Feb 182013
 

In part one of this series, I’ve introduced you to the Transformation interface, which applies or unapplies a function to a Source or Sink. In this posting, I’ll show you how to write a general-purpose composed Transformation.The take-away-lesson to learn from part one was that a Transformation works like a small Lego brick: If you ever played with Lego bricks, then you know the simple bricks with just a few knobs are the most versatile because you can compose them in an almost unlimited fashion. The same principle applies to the Transformation interface: With only two methods, a Transformation is simple to implement and use, which makes it almost as versatile than a Lego brick with only two knobs.

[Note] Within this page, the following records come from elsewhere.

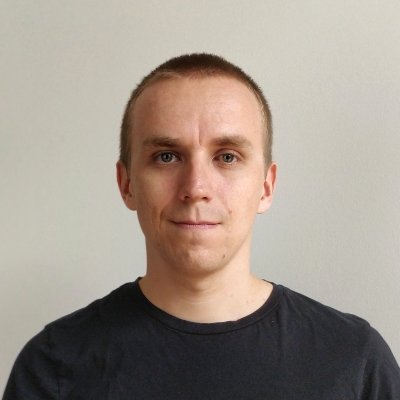 Technical Director @QuantStack, @ProjectJupyter Core Developer & Distinguished Contributor - he / him - @jtp@fosstodon.org - https://t.co/XIlI0BNbXi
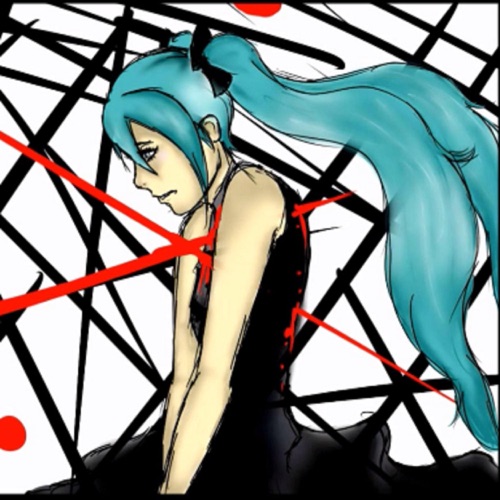 Senses (feat. Hatsune Miku) – Single – KazumiP & LightP-无损音乐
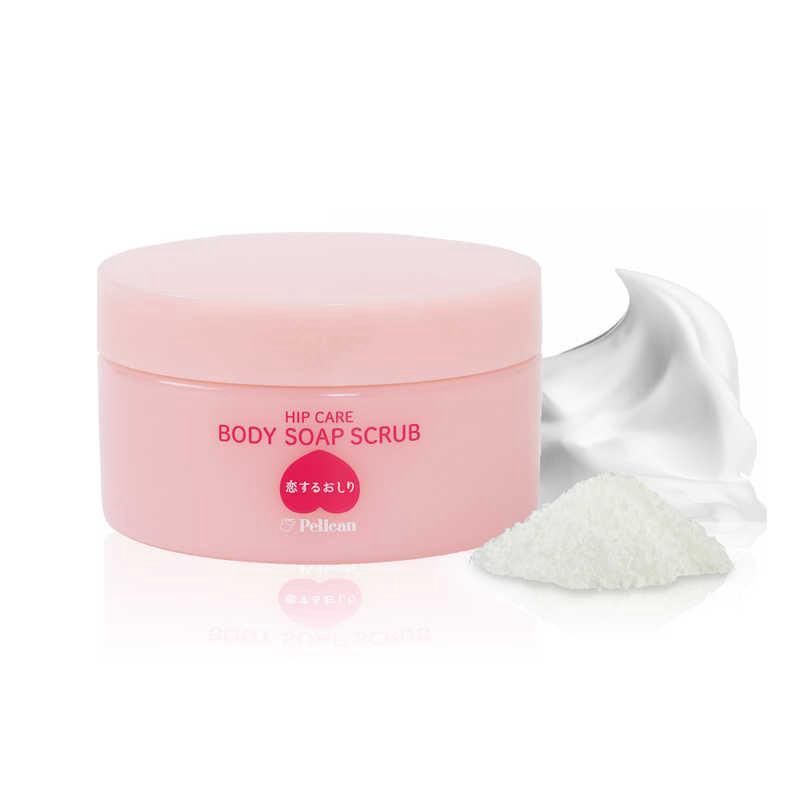 Pelican Hip Care Body Scrub 180ml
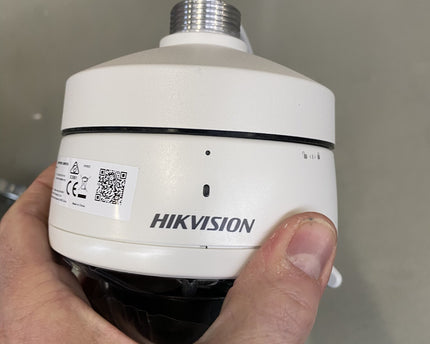 Hikvision DS-2CV2141G2-IDW 4MP WIFI IR leds 2-weg Audio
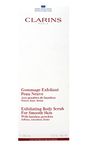 Clarins Body Scrubs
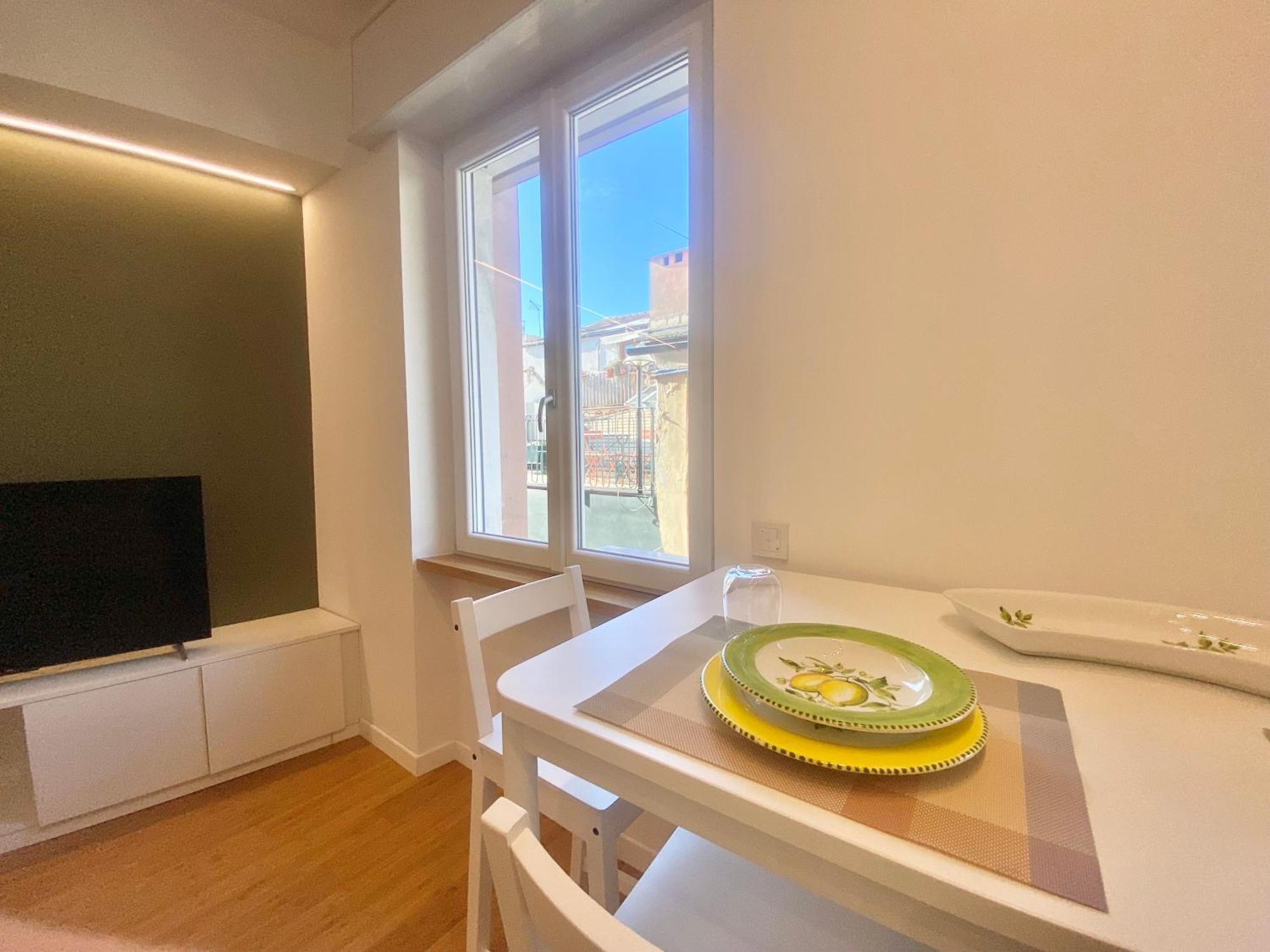 Casaviva - Apartment In The Historic Center - Land Genoa Exterior photo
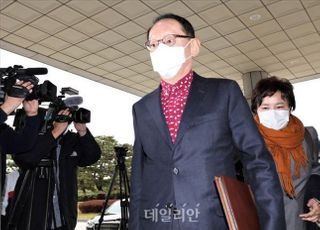 부메랑된 '특활비 정국'…"검찰국 특활비는 말도 안되는 공금유용"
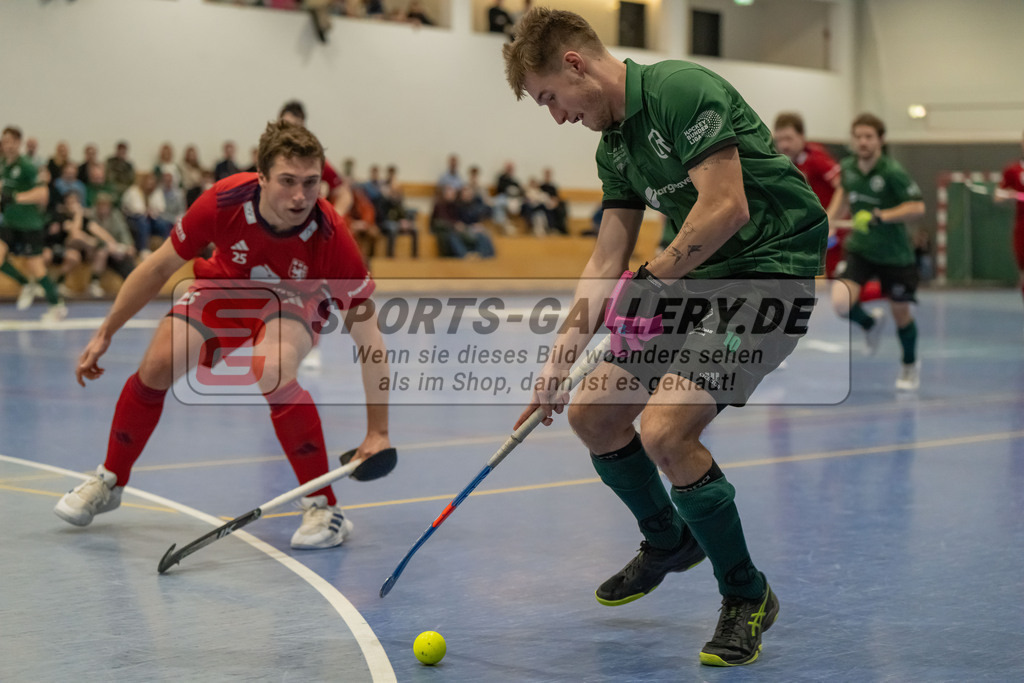 HK_20260124_106850 | 2. Bundesliga Herren Düsseldorfer HC - Club Raffelberg am 24.01.2026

To see how you can generally compose transformations into a new one, let’s revisit how I used two transformations in order to compress and encrypt some data. First, let’s assume the following:

Transformation compression = new Compression();
Transformation encryption = new PbeEncryption("password");

To apply a compression-then-encryption schema, I would write the following code (assuming Java 7):

Sink sink = ... // some Sink
Sink composition = compression.apply(encryption.apply(sink));
try (OutputStream out = composition.output()) {
    ... // happily write some data
}

To do the inverse when reading data, I would write the following code:

Source source = ... // some Source
Source composition = compression.unapply(encryption.unapply(source));
try (InputStream in = composition.input()) {
    ... // happily read some data
}

Do you spot the pattern? In both cases, I manually composed two transformations (one for compression, one for encryption) into a larger one before doing I/O. This pattern generally applies to whatever two transformations I would want to compose, so let’s write some code to encapsulate it:

public class Transformations {

    public static Transformation compose(
            final Transformation primary,
            final Transformation secondary) {
        return new Transformation() {
            @Override public Sink apply(Sink sink) {
                return primary.apply(secondary.apply(sink));
            }

            @Override public Source unapply(Source source) {
                return primary.unapply(secondary.unapply(source));
            }
        };
    }

    private Transformations() { }
}

Now I can compose the two transformations as follows:

Transformation composition = Transformations.compose(compression, encryption);

Given this composition, I can shorten the previous example for writing compressed-then-encrypted data to:

Sink sink = ... // some Sink
try (OutputStream out = composition.apply(sink).output()) {
    ... // happily write some data
}

… and similar for reading the data back:

Source source = ... // some Source
try (InputStream in = composition.unapply(source).input()) {
    ... // happily read some data
}

The beauty of this is that the composed transformation nicely encapsulates all configuration required for the compression and encryption algorithms into a single, immutable object which you can apply or unapply as often as you need to.